1. Pretty much everyone was known exclusively by their surname.
People calling you by your first name again when you went to uni felt really weird.
2. And anyone with an older sibling at the school was known as “mini [surname]”.
3. You trod the very fine line between your tie being just short enough to look cool but just long enough to not get you in trouble.
Also, getting constant nags of “tuck your shirt in!” from teachers as you walked around school – because people got told off for uniform violations more than anything else.
4. The struggle of the inevitable two boiling hot weeks in May when the school would refuse to announce summer dress.
5. And then as soon as it did, it would rain constantly.
Girls at my school when it starts raining
— jheanelly_g (@JΔΠ-ΣL-ΣΣ)
You’d have to decide between looking cool in summer dress or being sensible and getting your blazer back out of the cupboard.
6. You all had to stand up every time a teacher walked into the classroom.
Great for the leg muscles.
7. You went from First Form to Upper Sixth, not year 7 to year 13.
You might have even started in Prep Form.
8. There was always one house that would somehow win all the sports events, every year.
It never made any sense how all the sporty kids could end up in the same house every year even though it was supposed to be random.
9. There were quite a few kids whose parents were mates with some of the teachers.
If it was your own parents, it would normally be an advantage.
10. And also some whose mum or dad had been to the school before them.
There was probably a photo of one of their parents on the wall somewhere.
11. When you had to untie your tie with a pencil or pair of compasses because someone peanutted you so hard.
Pro tip: Putting a 2p coin in the knot of your tie made you “peanut-proof”.
12. Those two dreaded words: Saturday school.
13. Which felt especially unfair, as you also had to go into school on bank holidays.
Your school might have blamed it on the boarders having nothing to do otherwise, but we don’t think they would have complained.
14. You had to call all your male teachers “sir”.
15. But only had to call the female teachers “miss” because those two words are *totally* on the same level…
16. Wednesday afternoons were reserved for sports matches, and if you were playing, you’d try to get away with wearing your kit all morning too.
You’d feel so superior to all the kids still stuck in shirts and ties.
17. You took quite a few classes with fewer than 10 people.
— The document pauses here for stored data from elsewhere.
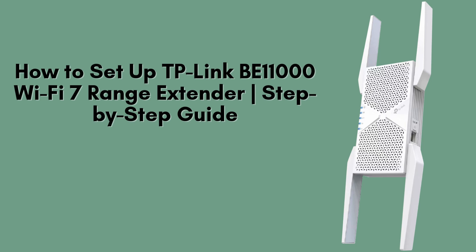In this video, we'll walk you through the manual setup of your TP-Link B11000 Wi-Fi 7 range extender to ensure optimal performance. Whether you're using a smartphone, tablet, or PC, we'll provide detailed, step-by-step instructions to help you get connected quickly and easily. Let's begin.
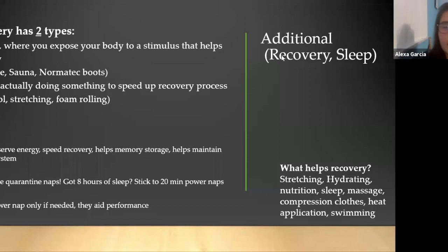Recovery and sleep are super overlooked. Recovery has two types: passive, where you expose your body to a stimulus that helps recovery — massage, sauna, NormaTec boots; and active, where you do something to speed up the recovery process — a light jog, going in the pool, stretching, foam rolling. Sleep helps conserve energy, speed recovery, helps your memory storage, and helps maintain your immune system. Limit your quarantine naps — if you already got eight hours of sleep, stick to 20-minute power naps only if you need them, because if you truly do need them they will aid your performance.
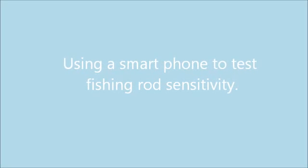Hello! In this video, we are looking at how to use a smartphone to test the sensitivity of fishing rods.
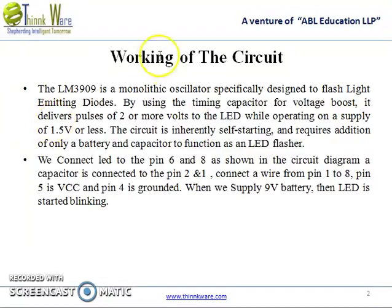The working of the circuit. The LM3909 is a monolithic oscillator specially designed to flash light emitting diodes. By using the timing capacitor for voltage boost, it delivers pulses of 2 or more volts to the LED while operating on a supply of 1.5V or less. The circuit is inherently self-starting and requires addition of only a battery and capacitor to function as a LED flasher.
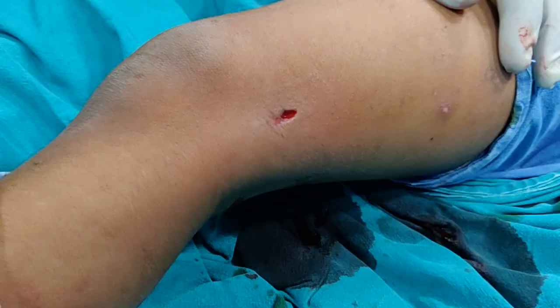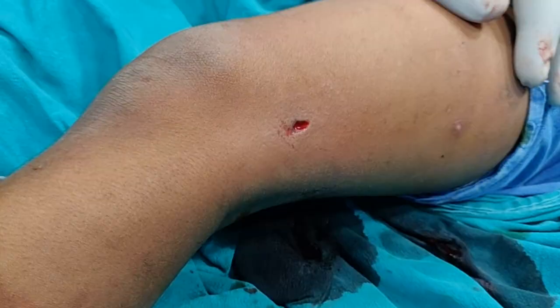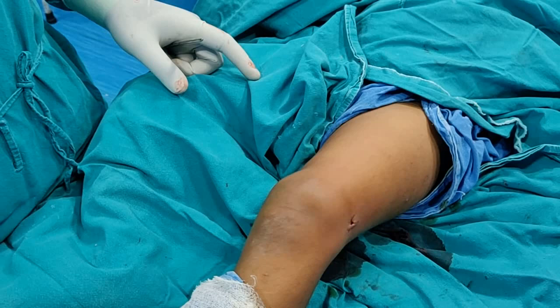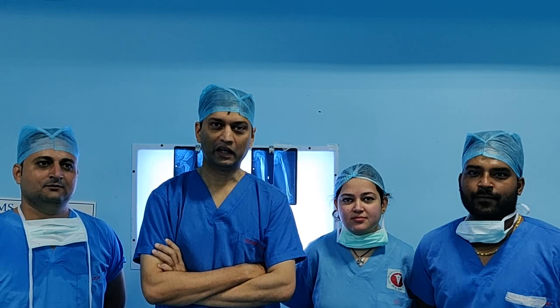This surgery is so fascinating — you can do this operation through just a small hole in the skin. All you require is one incision and one stitch on the lateral aspect and one stitch on the medial aspect. There is no need to immobilize in any cast, and the patient can start bending the knee straight away. This was a surgical video of TENS nailing — one of my favorite operations. Thank you to the team: Dr. Rashid who performed the operation, Dr. Saurab who assisted, and Dr. Chandni who was the anesthetist.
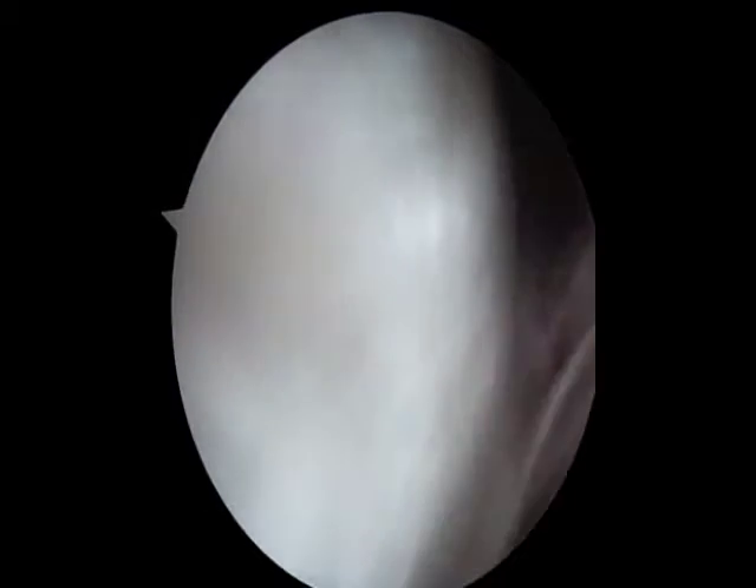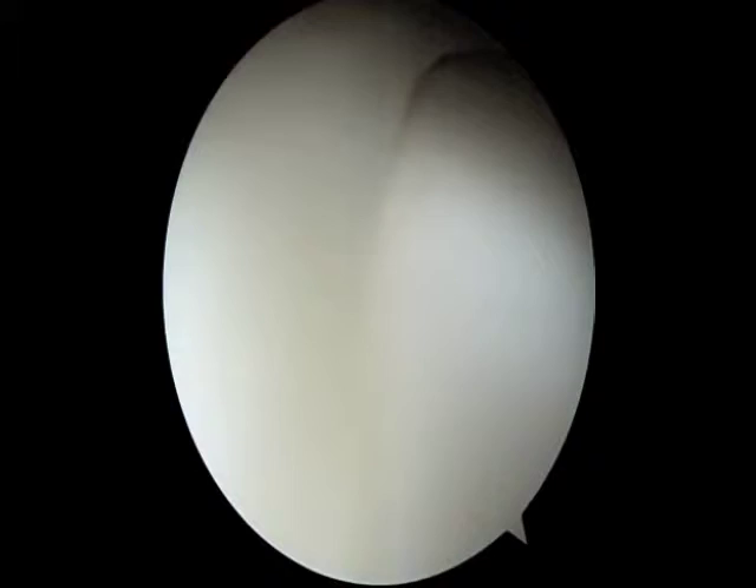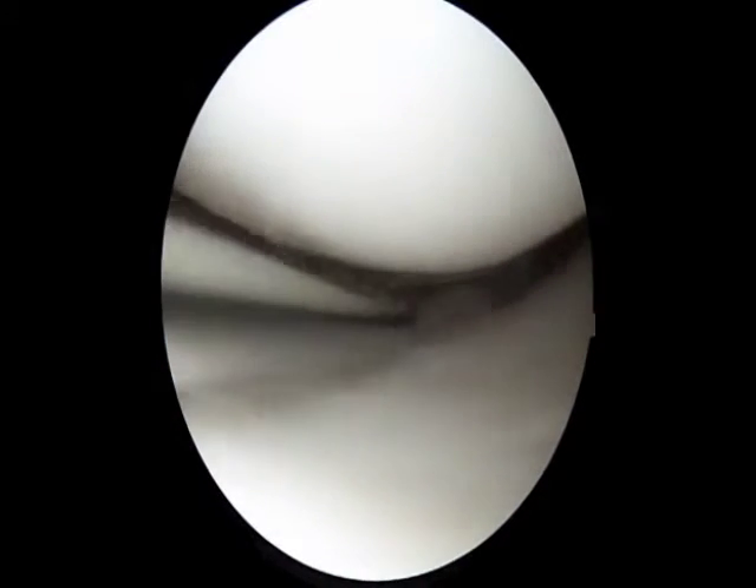Coming back up and across the knee to the medial or inner side of the knee, a probe is inserted and this is used to assess the articular surface and the meniscus, which is seen on the left hand side of the screen.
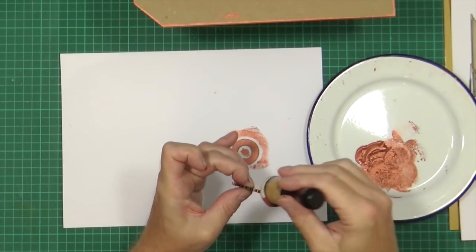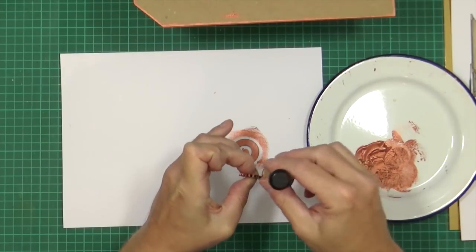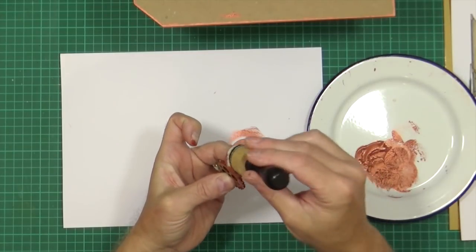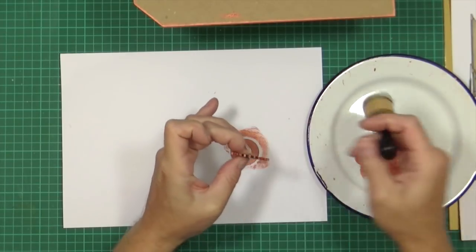It's very juicy paint. I try never to put water in it when I use it because you get fantastic coverage and that's what we want. We don't want to paint it two or three times because that's boring. So neat — copper on the rocks.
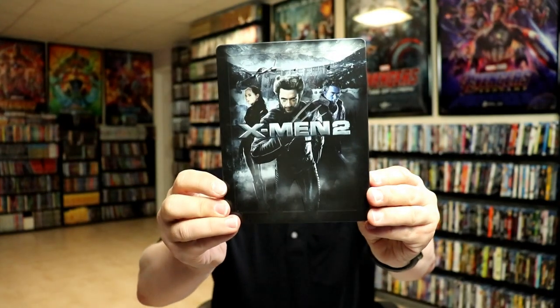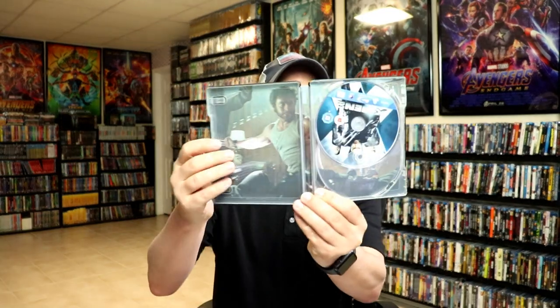And here it is without the lenticular. Nice and embossed. And here's the lenticular itself. We open it up. We do have our one disc with some disc art. And we do have some inside artwork.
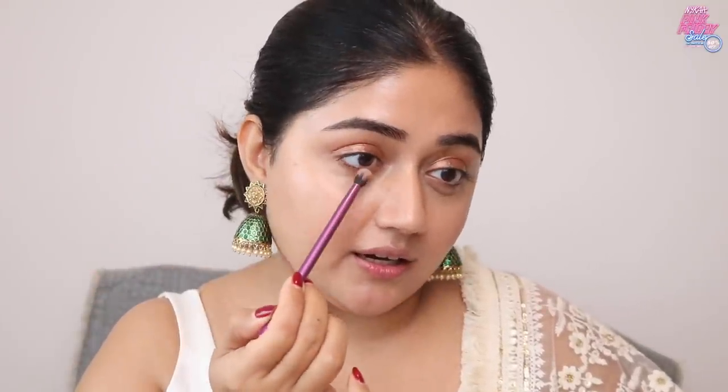Charlotte Tilbury cream eyeshadow gives that really molten gold metallic look, and the brand is at up to 20% off. It's a brand that feels luxurious and has colors that work for everyone — beautiful shimmers. It's the brand that comes to mind when I think of weddings. I'm applying this with an eyeshadow brush from Real Techniques, and I'm also taking it underneath the lower lash line to create a wash of bronze just framing my entire eye.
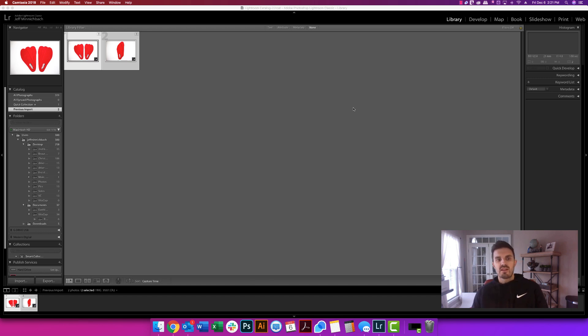What's up, guys? This is Jeff Minnickbach. I'm the owner and founder of No Limit Creatives, for those of you who don't know me. And in this video, I'm going to do a quick rundown of using Adobe Lightroom, which is an awesome photo editing program.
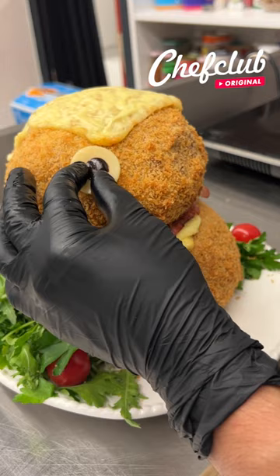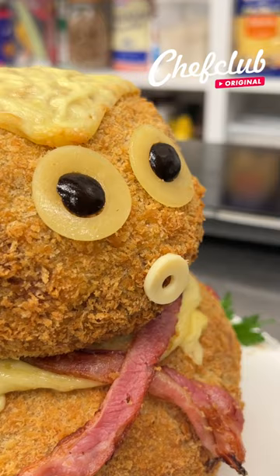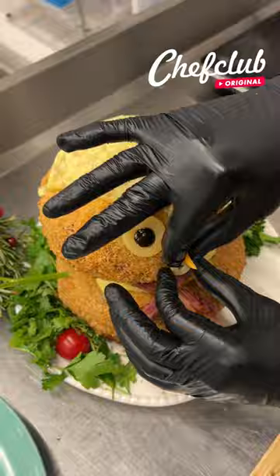Cute little guy. Mouth just right here — whoa, oh, there we go. Let's get the nose — let's go with the carrot and we're gonna poke it in real quick, just like that.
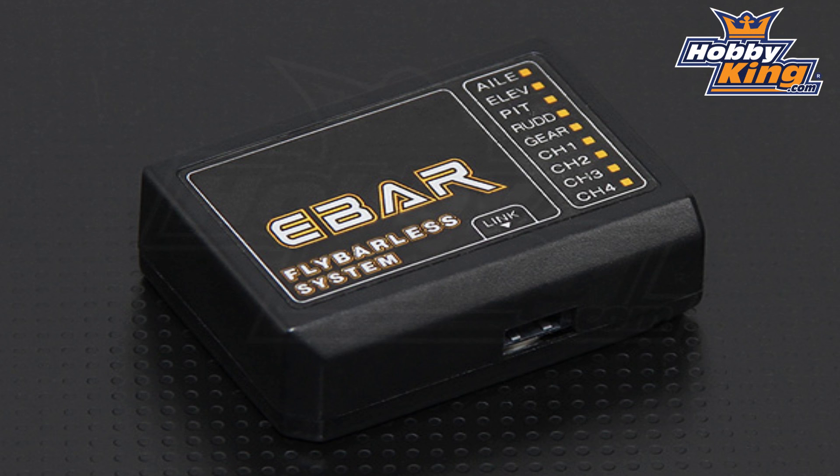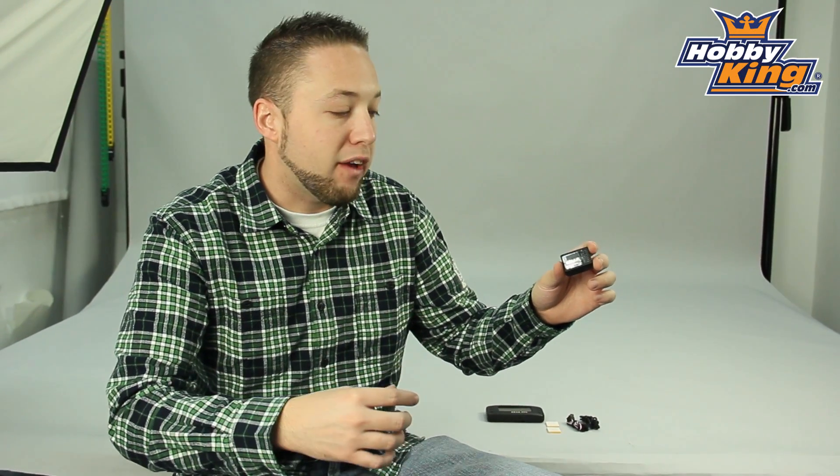This is similar to most of your flybarless units currently on the market — 3-axis gyro, built-in stabilization, and it's fully programmable. Nice list of features with this unit here. You'll want to check out the specs on our product listing on the website for all the detailed info on the options and the different adjustability of this flybarless system.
In sixth form it could be fewer than five.
18. New kids were always an absolutely massive deal.
Because your year was so small everyone knew each other really well, and everyone would try to suss the new kid out to see if they were worth trying to recruit for their clique.
19. Every break time, the tuck shop was a sea of tiny first-formers waving £1 coins in the air like they were the holy grail.
20. Every time you did something bad, your teachers would remind you how much your parents were paying for your education.
21. And then when your parents found out, they would remind you too.
On the flip side, whenever the school bought something expensive but totally useless, you’d say: “Oh, so that’s where all out money’s going then.”
22. While you were there, at least one kid got kicked out for doing drugs.
23. Getting a dead bum from sitting on rock-hard chapel benches (if you didn’t manage to skip it).
(Chances are, every time you did try to skip it, a teacher would walk round the corner and catch you.)
24. Turning 17, and everyone starting to turn up in their new cars once they’d passed their tests.
There was so much debate about who were the best and worst drivers, and everyone would gossip about who had the most expensive cars.
25. Feeling like this when you broke up for summer and knowing everyone else still had three weeks of school left.
Nine-week summer life was the good life.
26. You had strong rivalries with every other private school in the area, normally based around sport.
27. And you also had a rivalry with the local state school, based around the fact that you were “posh twats”.